Benchmarking Haskell dataframes against Python dataframes

I’ve been working on a dataframe implementation in Haskell for about a year now. While my focus has been on ergonomics the question of performance has inevitably come up. I haven’t made significant performance investments but I thought it might be worth snapshotting the performance to establish a baseline.

A benchmark for the impatient

I’ll start by adopting a small benchmark from the C++ dataframe implementation. The benchmark generates a dataframe with three columns containing random numbers, runs some statistics on the columns, and finally filters elements satisfying a predicate.

Because all these operations are effectively vector/array traversals this benchmark tests the underlying array implementation more than it tests dataframe specific operations (such as groupBy, pivot, melt, etc). But this is a good starting point since slow arrays mean slow everything. I used Haskell’s Criterion library to generate the benchmark stats. The Python implementation has the slight overhead of spawning a separate process so there are some error bars in the performance numbers. The code can be found here.

I used three values of n: 100M, 150M and 300M. Polars and Pandas, on my machine, HP chromebook dragonfly g4 (32GB RAM) Polars and Pandas ran out of memory so there were only two data points.

Size	Haskell	Polars	Pandas
O(100M)	6.343s	6.607s	9.874s
O(150M)	9.063s	10.607s	17.65s
O(300M)	15.260s	N/A	N/A

The performance is comparable to Polars and 2x faster than Pandas. But, again, these are simple scans. Let’s compare groupBy operations since those are a little more complicated.

Comparing groupBy

We’ll use the California housing dataset. At a high level the code will do the following: read a CSV file, group by ocean_proximity then compute the minimum and maximum median_house_value.

Haskell	Polars	Pandas
119ms	227ms	376ms

We see a similar trend as before. The Polars performance might actually be much closer to Haskell because of the process overhead. But, again, this is comparable.

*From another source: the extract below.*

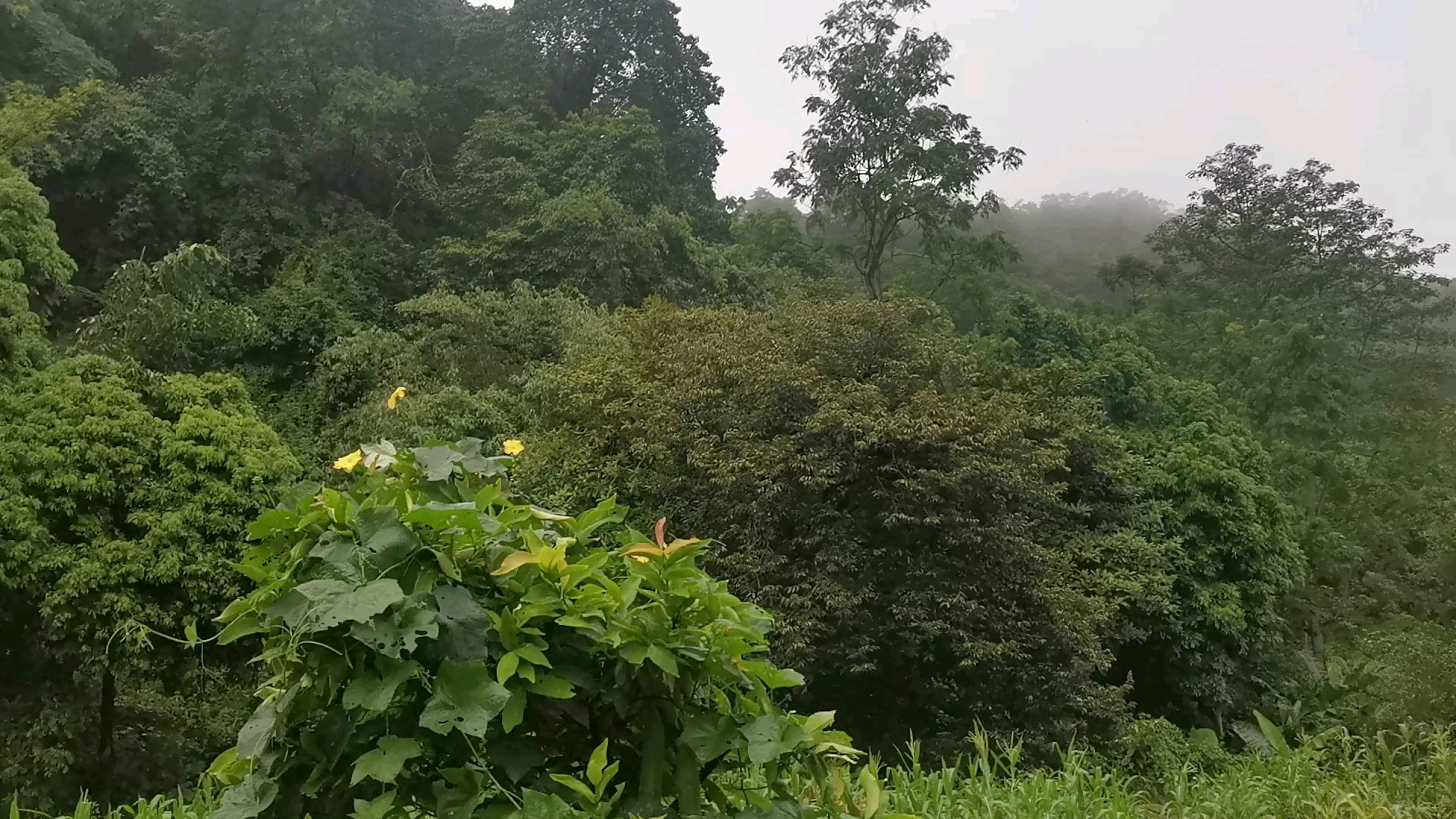 [图]一场秋雨一场凉，有点秋天的感觉了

I’ll update these benchmarks as I add more complex operations. Also, as focus shifts more on performance I’d be curious to see how each performance knob changes these numbers.

Some interesting future projects for performance:

Parallelism: this is all single-threaded.
Vectorization/hardware optimiztion: exploit SIMD-supporting containers e.g. HaskTorch tensors, blas etc.

Written on July 17, 2025